In a strongly worded dissent, Justice Sonia Sotomayor, joined by Justices Anthony Kennedy and Samuel Alito, wrote that the Court’s interpretation “gives § 1514A a stunning reach” and “transforms” the anti-retaliation provision into a “sweeping source of litigation that Congress could not have intended.” Under the majority’s interpretation, SOX regulates “employment relationships between individuals and their nannies, housekeepers and caretakers, subjecting individual employers to litigation.” Justice Sotomayor illustrated her point by arguing that under the majority’s interpretation, a babysitter could bring suit against her employer alleging retaliation for informing the parents that their “teenage son may have participated in an Internet purchase fraud” if one of the parents worked for a public company, such as the local Walmart. In responding to Justice Ginsberg’s reliance on legislative history, Justice Sotomayor aptly noted that SOX “as a whole evinces a clear focus on public companies,” pointing to the fact that SOX created enhanced disclosure obligations and audit committee requirements, all focused on public company accountability. In closing, Justice Sotomayor noted that “[t]he Court’s decision upsets the balance struck by Congress,” and suggested that Congress “respond to limit the far-reaching implications of the Court’s interpretation.”

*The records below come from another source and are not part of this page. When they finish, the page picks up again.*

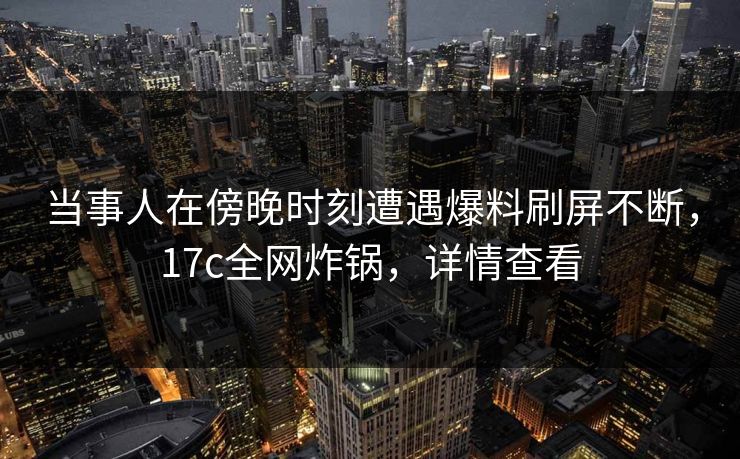 当事人在傍晚时刻遭遇爆料刷屏不断，17c全网炸锅，详情查看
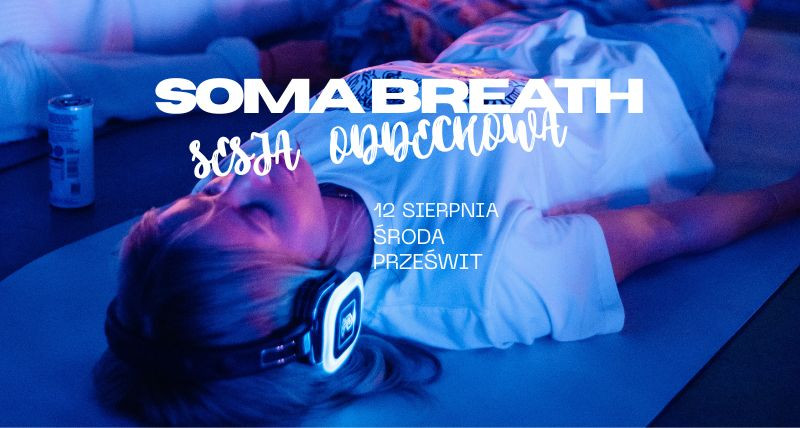 SOMA BREATH® w Prześwicie 12.08 | 18:00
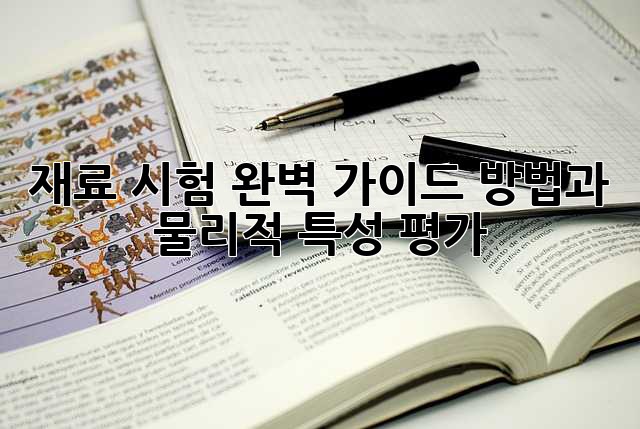 재료 시험 완벽 가이드: 방법과 물리적 특성 평가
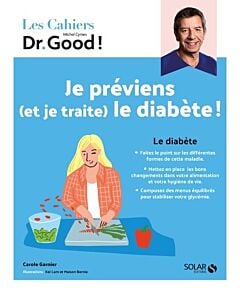 Cahier Dr Good ! - Je préviens (et je traite) le diabète !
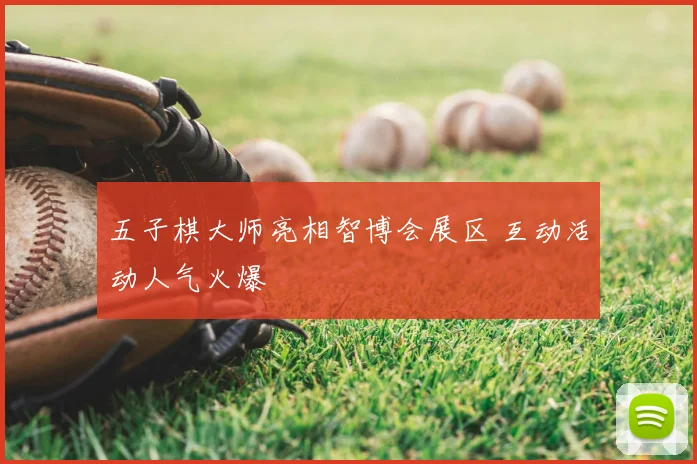 五子棋大师亮相智博会展区 互动活动人气火爆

IMPACT OF THE LAWSON DECISION
The Lawson decision is undoubtedly a victory for whistleblowers as it significantly expands the category of individuals that are covered by the protections of SOX’s anti- retaliation provision. The decision is significant because it makes clear that not only public companies, but also private employers that contract with public companies, are subject to SOX’s anti-retaliation provision. In light of the expansive scope of the Lawson decision, all employers – whether public companies or private entities – should be conscious of the importance of promoting and communicating a strong anti-retaliation culture within their firms. We recommend that public companies and private firms alike review their current whistleblower policies and procedures to ensure that whistleblower claims are handled in a timely and appropriate manner, and that employees raising those concerns are not subject to any employment actions or other treatment that could be deemed retaliatory. In addition, we advise that companies ensure that their employees are trained adequately in the relevant provisions of the internal whistleblower policies, as well as the role and impact of the SOX and Dodd-Frank whistleblower provisions.